Garbage Collection logs are essential artifacts to optimize application’s performance and trouble shoot memory problems. Garbage Collection logs can be generated in a particular file path by passing the “-Xloggc” JVM argument.

Example: -Xloggc:/home/GCEASY/gc.log

But the challenge to this approach is: whenever the application is restarted, old GC log file will be over-ridden by the new GC log file as the file path is same (i.e. /home/GCEASY/gc.log).

Thus you wouldn’t be able to analyze the old GC logs that existed before restarting the application. Especially if the application has crashed or had certain performance problems then, you need old GC Logs for analysis.

Because of the heat of the production problem, most of the time, IT/DevOps team forgets to back up the old GC log file; A classic problem that happens again & again, that we all are familiar :-). Most human errors can be mitigated through automation and this problem is no exception to it.

A simple strategy to mitigate this challenge is to write new GC log contents in a different file location. In this article 2 different strategies to do that are shared with you:

1. Suffix timestamp to GC Log file

If you can suffix the GC log file with the time stamp at which the JVM was restarted then, GC Log file locations will become unique. Then new GC logs will not over-ride the old GC logs. It can be achieved as shown below:

"-XX:+PrintGCDetails -XX:+PrintGCDateStamps -Xloggc:/home/GCEASY/gc-%t.log"

‘%t’ suffixes timestamp to the gc log file in the format: ‘YYYY-MM-DD_HH-MM-SS’. So generated GC log file name will start to look like: ‘gc-2019-01-29_20-41-47.log’

This strategy has one minor drawback:

a. Growing file size

Suppose if you don’t restart your JVMs, then GC log file size can be growing to huge size.  Because in this strategy new GC log files are created only when you restart the JVM. But this is not a major concern in my opinion, because one GC event only occupies few bytes. So GC log file size will not grow beyond a manageable point for most applications.

2. Use -XX:+UseGCLogFileRotation

Another approach is to use the JVM system properties:

"-XX:+PrintGCDetails -XX:+PrintGCDateStamps -Xloggc:/home/GCEASY/gc.log -XX:+UseGCLogFileRotation -XX:NumberOfGCLogFiles=5 -XX:GCLogFileSize=2M"

When ‘-XX:-UseGCLogFileRotation’ is passed GC log rotation is enabled by the JVM itself.

‘-XX:NumberOfGClogFiles’ sets the number of files to use when rotating logs, must be >= 1. The rotated log files will use the following naming scheme, <filename>.0, <filename>.1, …, <filename>.n-1.

‘-XX:GCLogFileSize’ defines the size of the log file at which point the log will be rotated, must be >= 8K

But this strategy has few challenges:

a. Losing old GC Logs

Suppose if you had configured -XX:NumberOfGCLogFiles=5 then, over a period of time, 5 GC log files will be created:

gc.log.0 — oldest GC Log content
gc.log.1
gc.log.2
gc.log.3
gc.log.4 — latest GC Log content

Most recent GC log contents will be written to ‘gc.log.4’ and old GC log content will be present in ‘gc.log.0’.

When the application starts to generate more GC logs than the configured ‘-XX:NumberOfGCLogFiles’ in this case 5, then old GC log contents in gc.log.0 will be deleted. New GC events will be written to gc.log.0. It means you will end up not having all the generated GC logs. You will loose the visibility of all events.

b.

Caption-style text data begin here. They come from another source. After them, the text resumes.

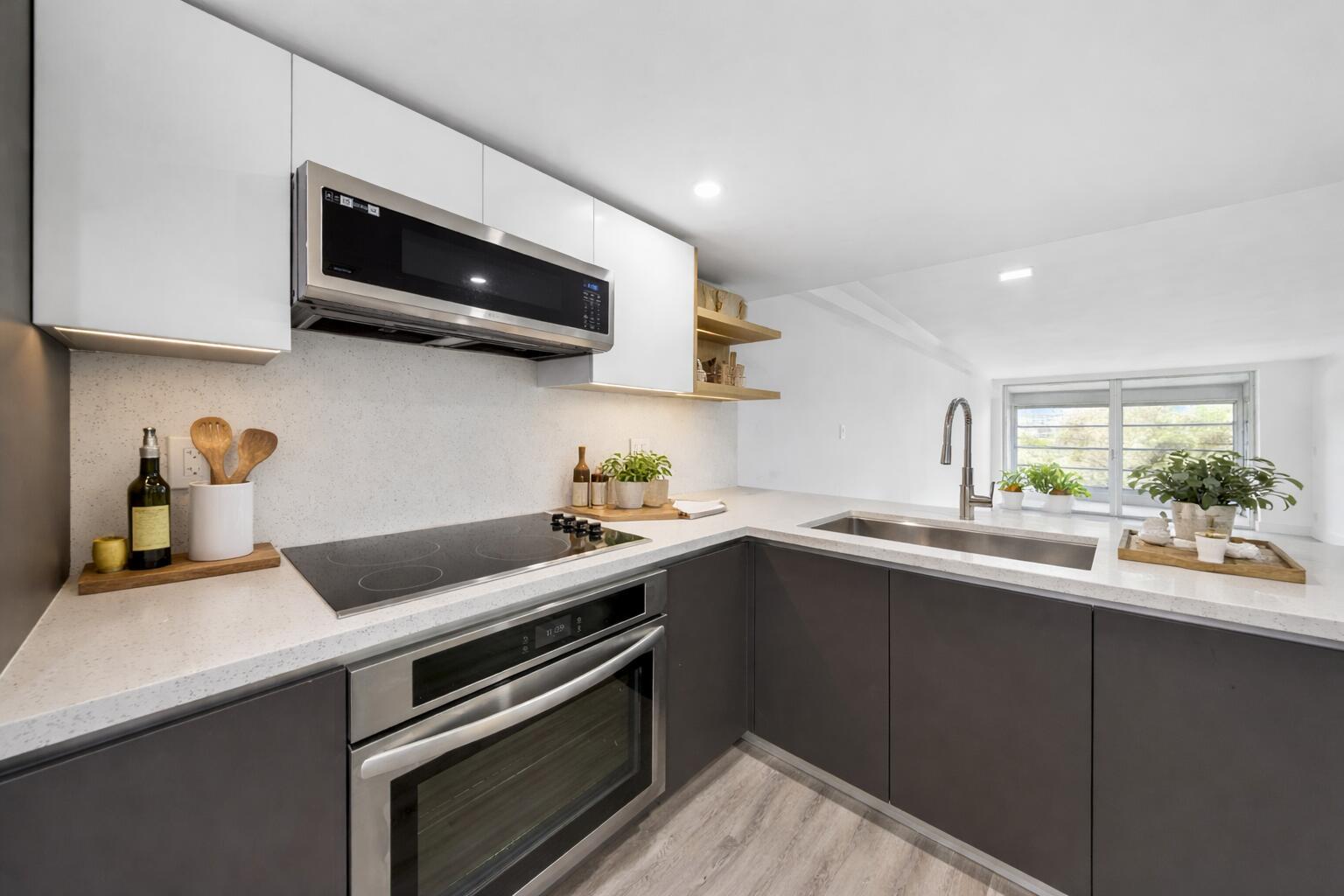 A modern kitchen features dark gray lower cabinets, white upper cabinets, and light stone countertops — 3151 S Palm Aire Drive # 407, Pompano Beach FL 33069, POMPANO BEACH, FL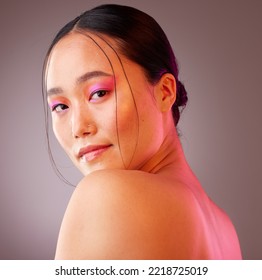 Face, Eyeshadow And Neon Makeup Of Woman On Gray Studio Background. Portrait, Unique Skincare Or Facial Beauty Cosmetics Treatment Of A Beautiful Female, Girl Or Model From Japan With Glowing Skin.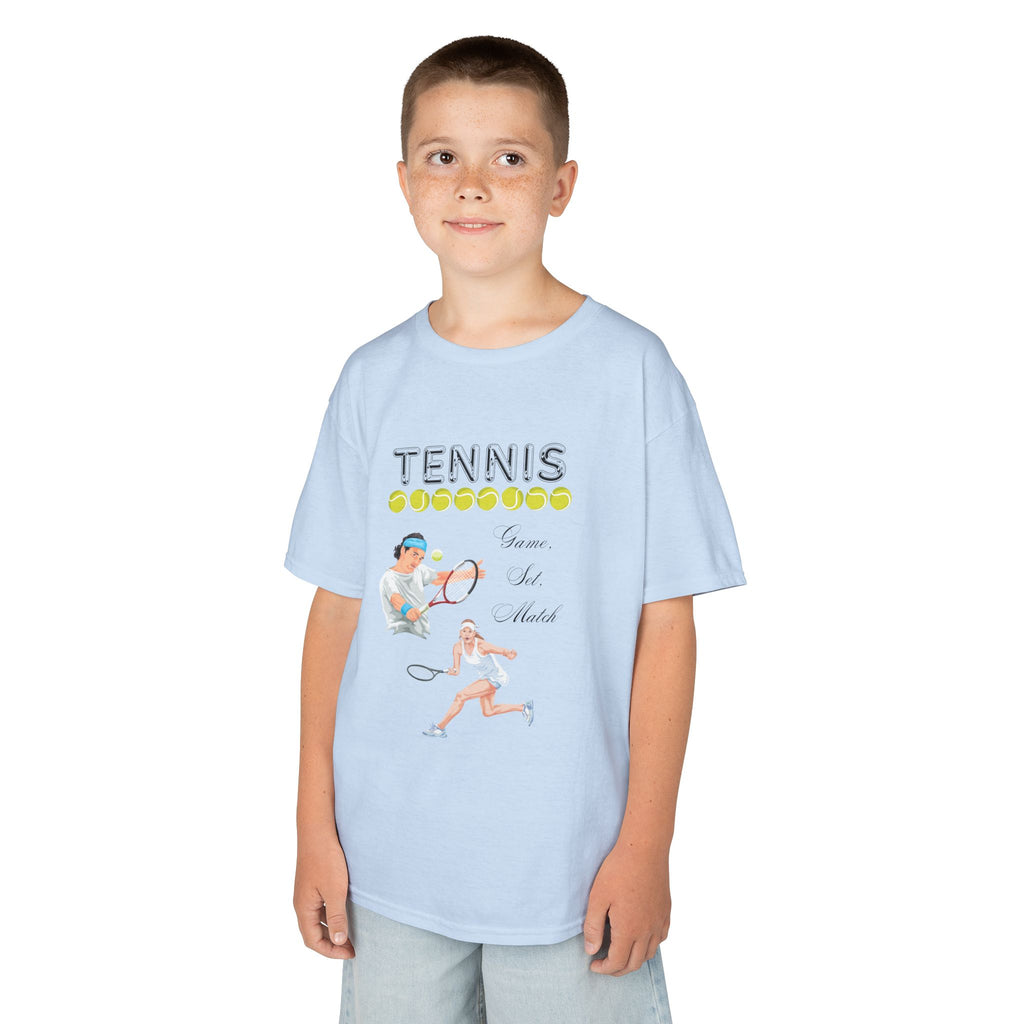 Young boy wearing a youth Gildan 5000B heavy cotton t-shirt in light blue with a Tennis text and graphic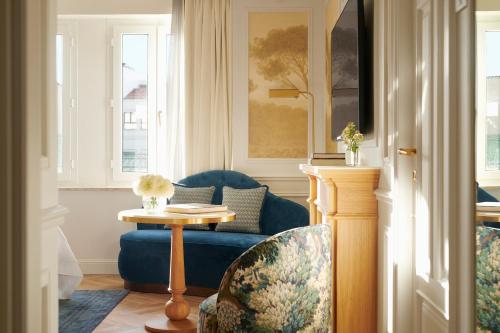 a living room with a blue couch and a table at The Westin Palace, Madrid in Madrid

Mixed-up GC Logs

Suppose application has created 5 gc log files i.e.

gc.log.0
gc.log.1
gc.log.2
gc.log.3
gc.log.4

then, let’s say you are restarting the application. Now new GC logs will be written to gc.log.0 file and old GC log content will be present in gc.log.1, gc.log.2, gc.log.3, gc.log.4 i.e.

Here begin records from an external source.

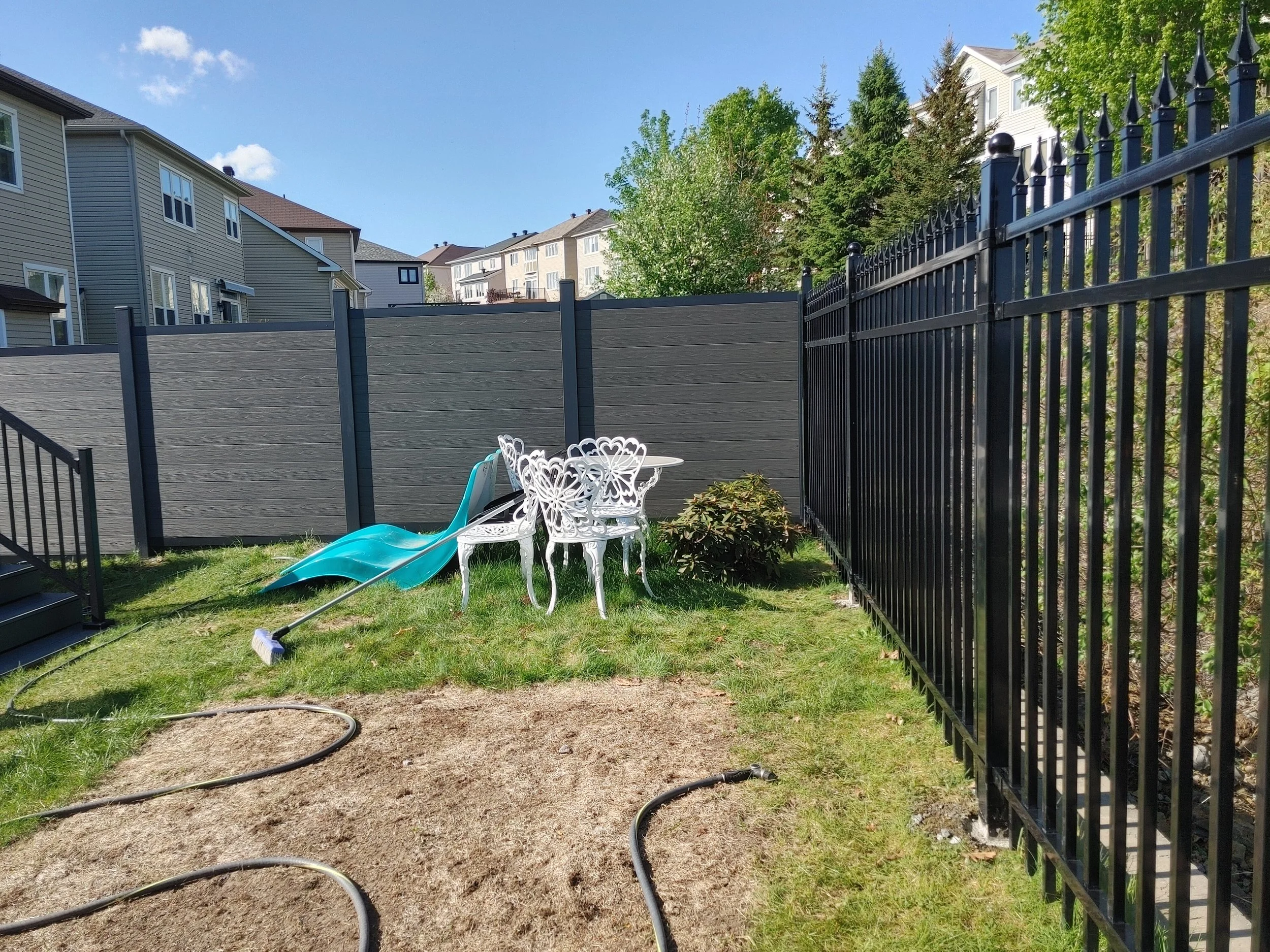 Dark Grey WPC and Iron Fence in Barrhaven, 2025. StandArt Fence 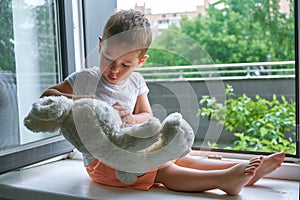 Boy of two years sitting by the window and hugs a toy Bunny. rainy weather, waiting for dad to come home from work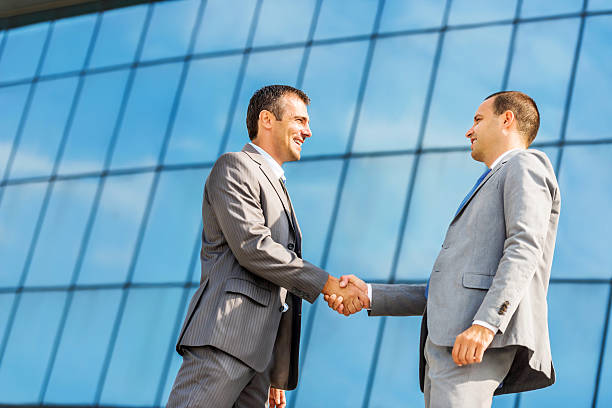 istock Business people shaking hands outdoors. 471888159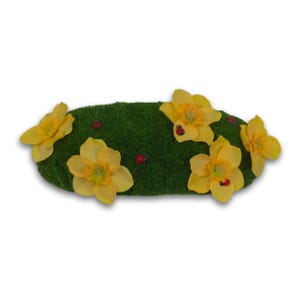 May include: An oval-shaped decorative piece featuring a green, grass-like surface adorned with yellow daffodils and small red ladybugs. The daffodils have a bright yellow color with a contrasting yellow center.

gc.log.0 — GC log file content after restart
gc.log.1 — GC log file content before restart
gc.log.2 — GC log file content before restart
gc.log.3 — GC log file content before restart
gc.log.4 — GC log file content before restart

So your new GC log contents get mixed up with old GC logs. Thus to mitigate this problem you might have to move all the old GC logs to a different folder before you restart the application.

c. Forwarding GC logs to central location

In this approach, current active file to which GC logs are written is marked with extension “.current”. Example, if GC events are currently written to file ‘gc.log.3’ it would be named as: ‘gc.log.3.current‘.

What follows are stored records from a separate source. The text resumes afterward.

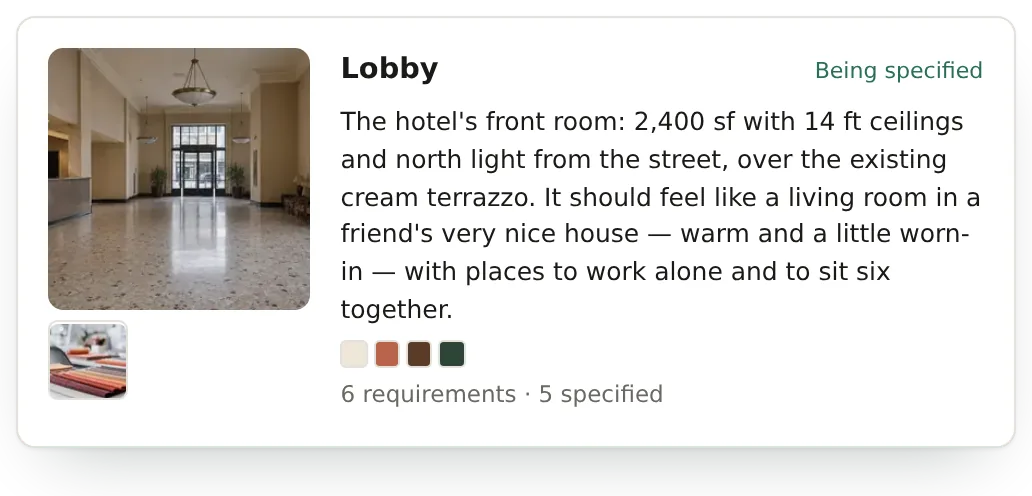 The example hotel’s lobby as its brief has it: a photo of the lobby, the room described, its four colors, and 6 requirements, 5 of them specified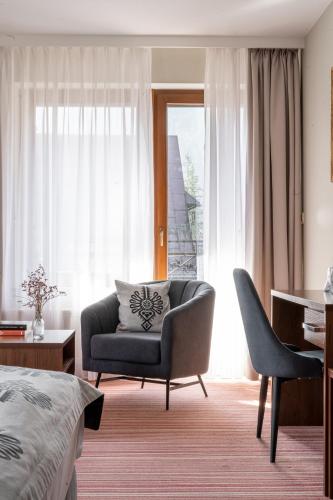 a bedroom with a chair and a desk and a bed at Hotel Willa Pod Skocznią in Zakopane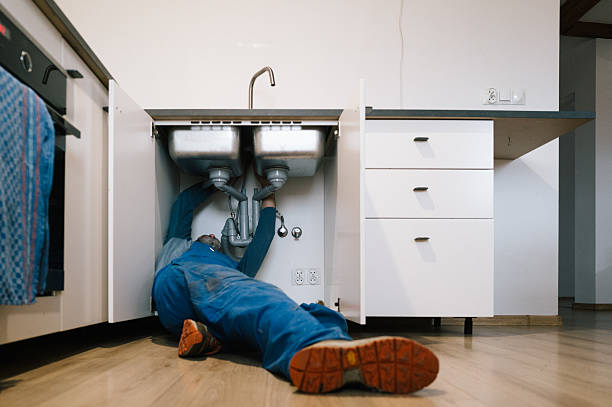 Professional Drain Cleaning technician working in Mc Alpin, FL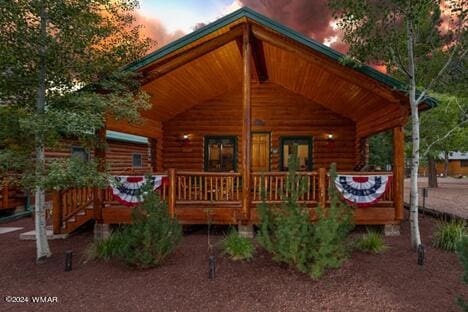 exterior space with a porch and log exterior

If you want to forward GC logs from each server to a central location, then most DevOps engineers uses ‘rsyslog’. However this file naming convention poses significant challenge to use ‘rsyslog’, as described in this blog.

d. Tooling

Now to analyze the GC log file using the GC tools such as (gceasy.io, GCViewer….), you will have to upload multiple GC log files instead of just one single GC Log file.

Conclusion

You can debate on which approach you want to take for rotating GC log files, but don’t debate on whether to rotate the GC log files or not. It will come very handy when need comes. You never know when need comes.